:: PROBLEM REQUIREMENTS ::
From the line containing "Аня, 30 лет" down to the last line of the material, output each line exactly as it appears, excluding pictures.
━━━ DATASET CONTENT ━━━
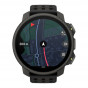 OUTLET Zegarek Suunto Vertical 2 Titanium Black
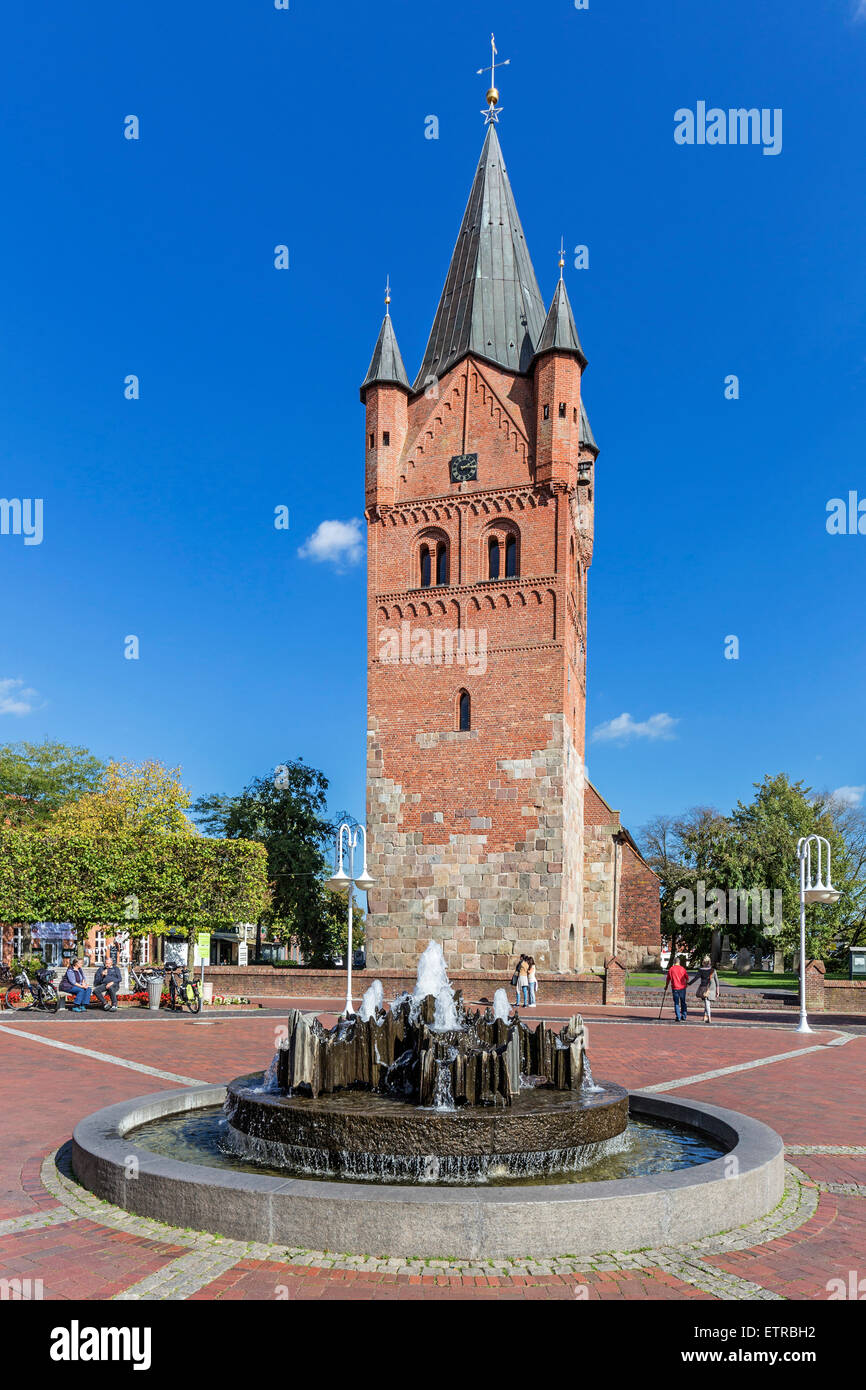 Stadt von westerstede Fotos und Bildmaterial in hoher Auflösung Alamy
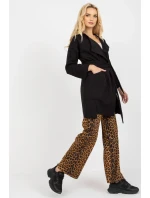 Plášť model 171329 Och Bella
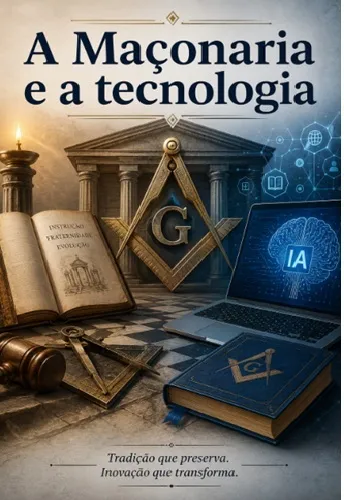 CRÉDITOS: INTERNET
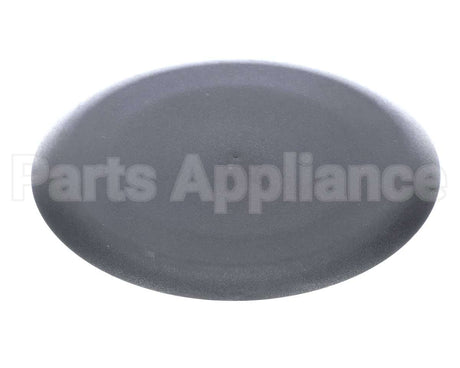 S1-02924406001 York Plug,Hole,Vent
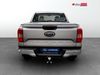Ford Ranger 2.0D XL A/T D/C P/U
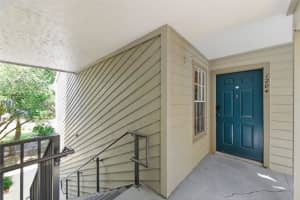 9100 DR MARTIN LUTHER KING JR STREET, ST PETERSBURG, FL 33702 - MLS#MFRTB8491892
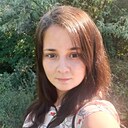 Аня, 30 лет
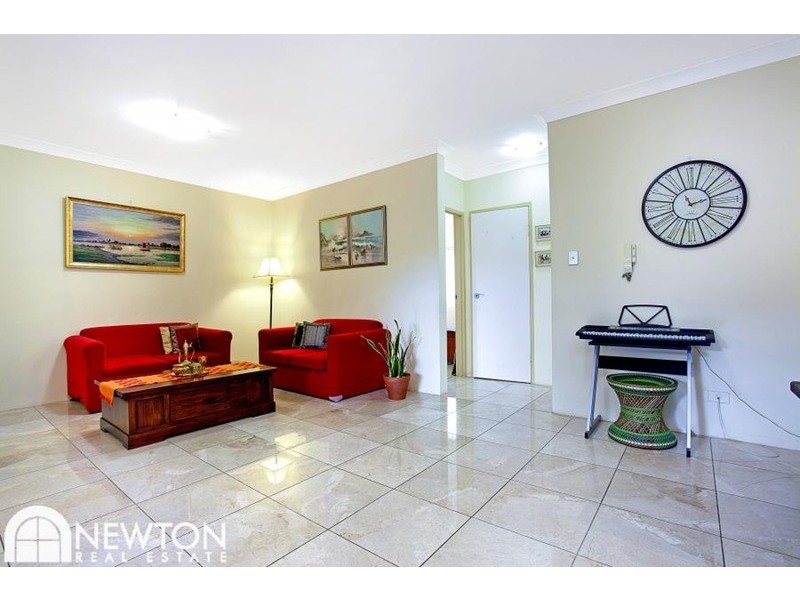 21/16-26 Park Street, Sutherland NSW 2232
━━━
:: RESULT OF THE EXERCISE ::
 Аня, 30 лет
 21/16-26 Park Street, Sutherland NSW 2232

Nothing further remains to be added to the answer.